She proceeded to try to sway my emotions by saying that she would have to go back, and how expensive and exhausting it was to come here, and how she had thought it was a bad idea to come, but the psychics had told her it would all be good. My boundaries were up, though, and I wasn’t falling for it. I put up the tent. She then asked for a sleeping bag or blankets and an air mattress.
Thankfully, she left Sunday morning, but only after taking another long shower and using up most of our hot water. I had to ask her to please save some hot water for the rest of us.

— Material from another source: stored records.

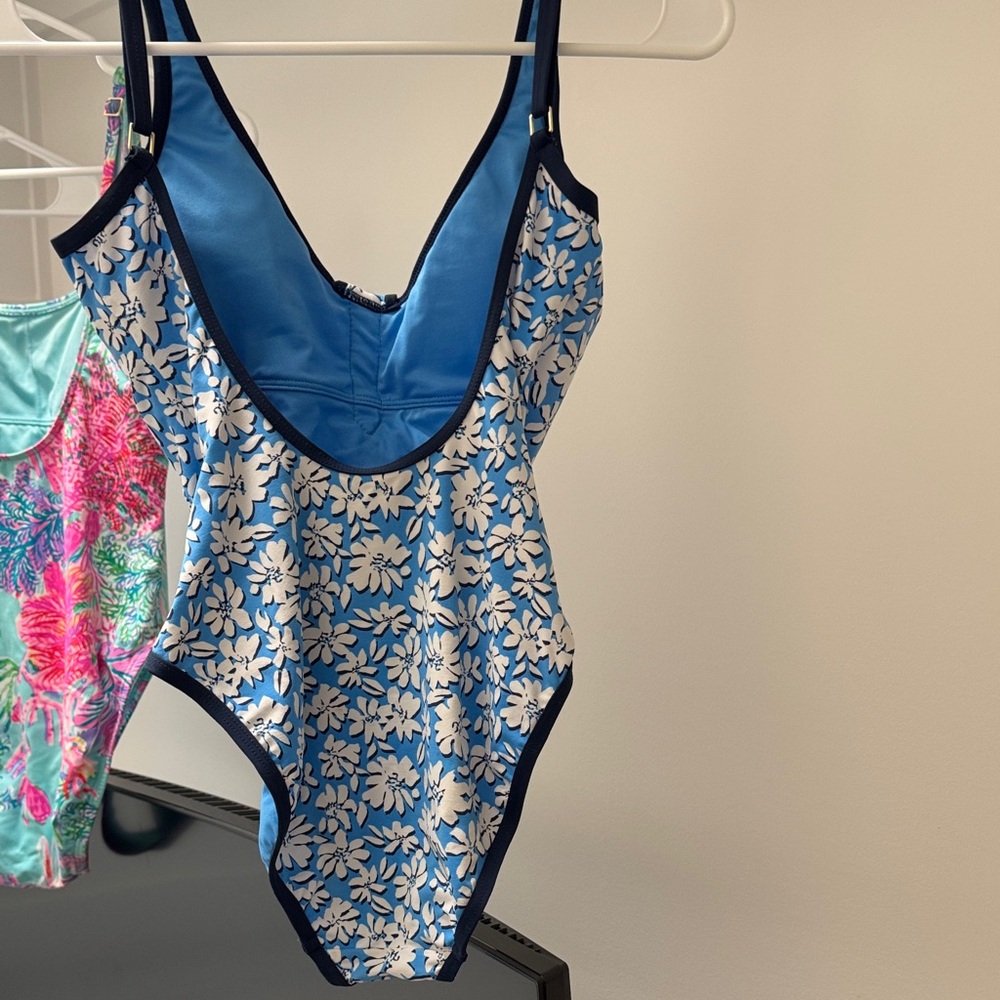 Lilly Pulitzer Blue and White Floral One Piece Swimsuit - Picture 2 of 5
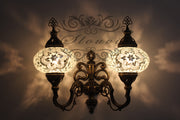 Turkish Mosaic Double Wall Sconce, With Large Globes, Upward - TurkishLights.NET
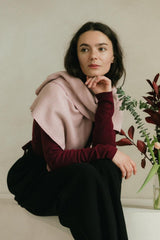 Hygge - organic cotton super soft cozy sweater knit - shawl - wrap - blanket - coverall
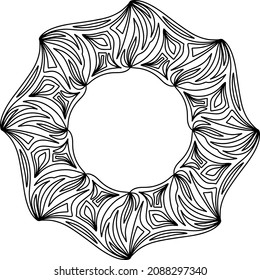 Easy mandala like flower or star, basic and simple mandalas Coloring Book for adults, seniors, and beginner. Digital drawing. Floral. Flower. Oriental. Book Page. Vector.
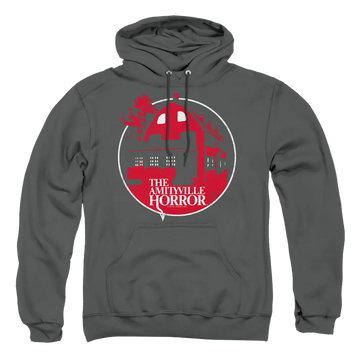 Charcoal pullover hoodie with Amityville Horror Red House graphic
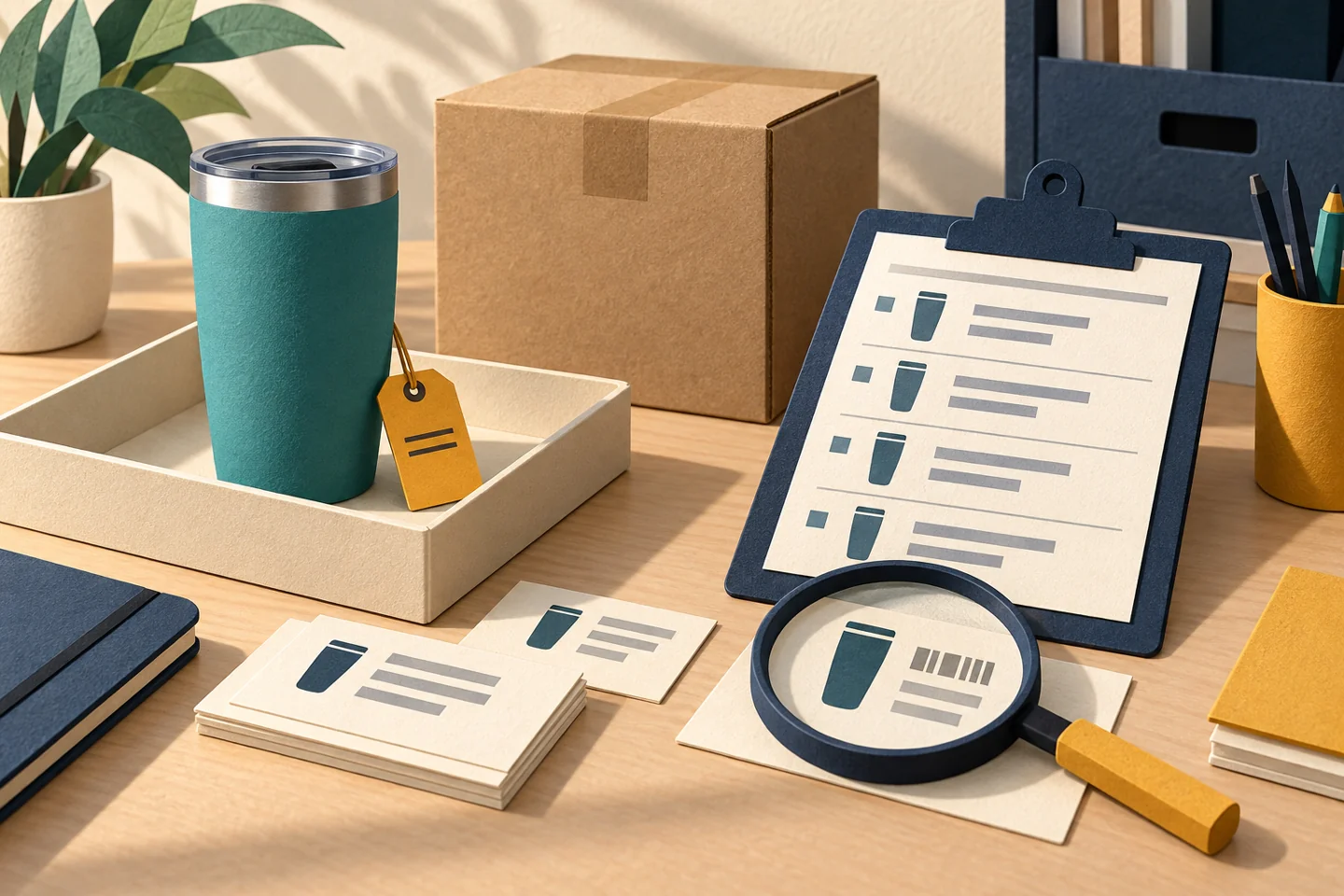 Conceptual paper-textured illustration of a teal tumbler in a separate tray beside order records, a shipping carton and a magnifying glass.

And I’m glad we have someone looking after the house while we’re away!
LESSON: Be clear about my boundaries BEFORE inviting someone to my
The second drama has been going on mostly in my head, which is almost worse.
I’ve done several tarot parties this week, and most of the response has been positive. However, there have been a couple of comments that have thrown me off. Basically, at the end of the reading, they say, “That’s it? When I had it done before… (or when I read cards…)”. The Fraud Police come in sirens blaring. And I start questioning myself – I’m not psychic. I’m not good enough. Who do I think I am reading cards for other people? It doesn’t matter that I’ve done hundreds of readings now that people have appreciated or found helpful. Nope. One criticism (or in this case, three in one week), and I’m a fraud.
So now begins the process of rebuilding my shattered self-confidence. I’m snuggling my boys, and chatting and laughing with friends. It’s amazing how much a good laugh will raise your mood! I’ll be visiting one of my mentors tomorrow. And I’ll be with my family very soon. Writing about it helps, too.